The loss of a limb as a result of an injury is one of the most catastrophic losses a person can suffer. Fortunately, however, there have been tremendous advancements in the medical care and rehabilitation of amputees over the last 25 years.
Types of Amputation Injuries
According to the National Limb Loss Information Center, there are approximately 1.7 million people in the United States living with limb loss, a number which roughly translates to 1 out of every 200 Americans.
Statistics indicate that roughly one-quarter of the amputations suffered each year are due to trauma to a limb or extremity. More than three quarters of all amputations, including those involving traumatic injury, are performed on males. Although there are many causes of traumatic injury, these injuries frequently occur:
(a) In car or motorcycle accidents;
(b) When the victim has suffered severe burns;
(c) As a result of hazards in the workplace; or
(d) From combat-related wounds.
Medical Reasons for Amputation
As noted, the most common reasons for amputating a human limb are traumatic injury or disease. When either of these occurs in a human limb, it damages the ability of the circulatory system to supply blood flow, which carries oxygen and other nutrients, to the damaged area. This lack of blood flow often causes human tissue within the damaged limb to die. This dying tissue then exposes the rest of the body to serious infection, such as gangrene. According to the
In many cases, doctors will first attempt to save the limb, if at all possible.

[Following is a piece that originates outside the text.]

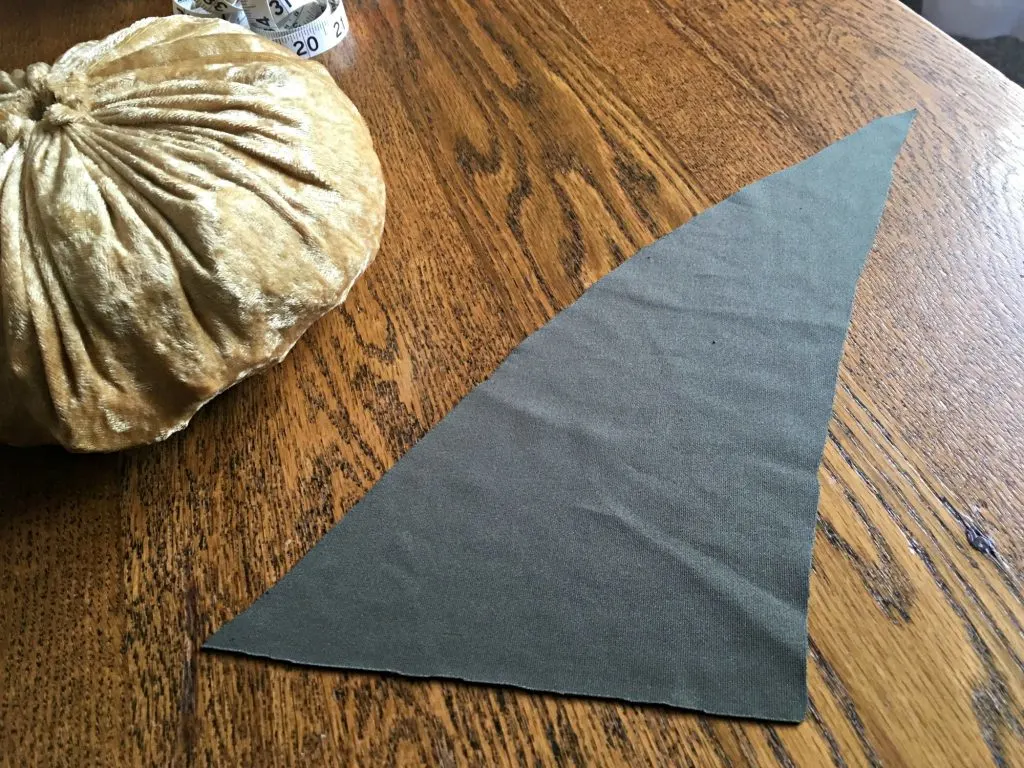 Easy DIY Pumpkin decor - stem triangle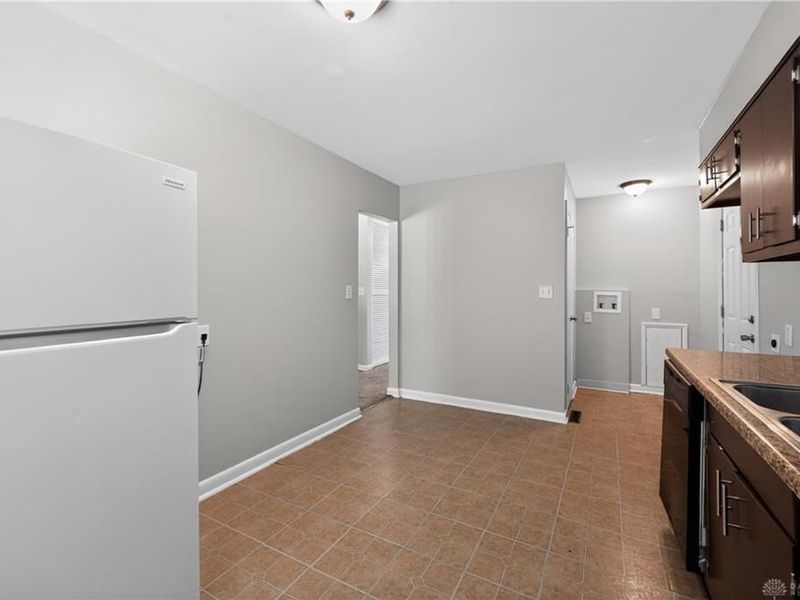 1947 Parkhill Drive, Dayton, OH 45406 Photo 19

This may include attempts at reconstructing the tissue or blood vessels to repair the damaged areas and improve blood flow, as well as treatment with antibiotics. Doctors may also attempt to remove smaller parts of damaged tissue without having to remove the entire limb.
However, when doctors determine that a limb is not healthy enough to save through either natural human cell regeneration or through surgical reconstruction, they may advise that amputation is necessary.